🤖 AI Summary
To address the challenge of efficiently computing persistence diagrams for large-scale 3D scalar fields using discrete Morse–Sandwich (DMS) algorithms in distributed-memory environments, this paper introduces the first end-to-end distributed DMS framework. Methodologically, we design a self-correcting distributed pairing algorithm, reconstruct a distributed data structure enabling cross-node gradient propagation, and integrate a computation token mechanism with dedicated communication threads to overlap communication and computation under an MPI-plus-multithreading hybrid programming model. Our contribution is the first scalable multi-node DMS implementation, breaking prior scalability bottlenecks and enabling persistent homology analysis on 3D scalar fields with up to 10 billion cells. Experiments demonstrate excellent strong and weak scaling up to 512 cores; our method achieves an average 8× speedup over DIPHA; and it computes the full persistence diagram for a 6-billion-vertex dataset in just 174 seconds.
📝 Abstract
The persistence diagram, which describes the topological features of a dataset, is a key descriptor in Topological Data Analysis.
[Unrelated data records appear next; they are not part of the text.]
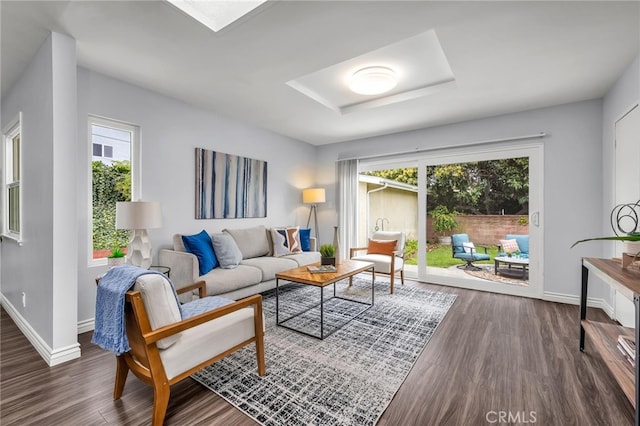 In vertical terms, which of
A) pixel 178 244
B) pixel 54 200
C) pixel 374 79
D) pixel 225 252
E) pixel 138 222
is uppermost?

The"Discrete Morse Sandwich"(DMS) method has been reported to be the most efficient algorithm for computing persistence diagrams of 3D scalar fields on a single node, using shared-memory parallelism. In this work, we extend DMS to distributed-memory parallelism for the efficient and scalable computation of persistence diagrams for massive datasets across multiple compute nodes. On the one hand, we can leverage the embarrassingly parallel procedure of the first and most time-consuming step of DMS (namely the discrete gradient computation). On the other hand, the efficient distributed computations of the subsequent DMS steps are much more challenging. To address this, we have extensively revised the DMS routines by contributing a new self-correcting distributed pairing algorithm, redesigning key data structures and introducing computation tokens to coordinate distributed computations. We have also introduced a dedicated communication thread to overlap communication and computation. Detailed performance analyses show the scalability of our hybrid MPI+thread approach for strong and weak scaling using up to 16 nodes of 32 cores (512 cores total). Our algorithm outperforms DIPHA, a reference method for the distributed computation of persistence diagrams, with an average speedup of x8 on 512 cores. We show the practical capabilities of our approach by computing the persistence diagram of a public 3D scalar field of 6 billion vertices in 174 seconds on 512 cores. Finally, we provide a usage example of our open-source implementation at https://github.com/eve-le-guillou/DDMS-example.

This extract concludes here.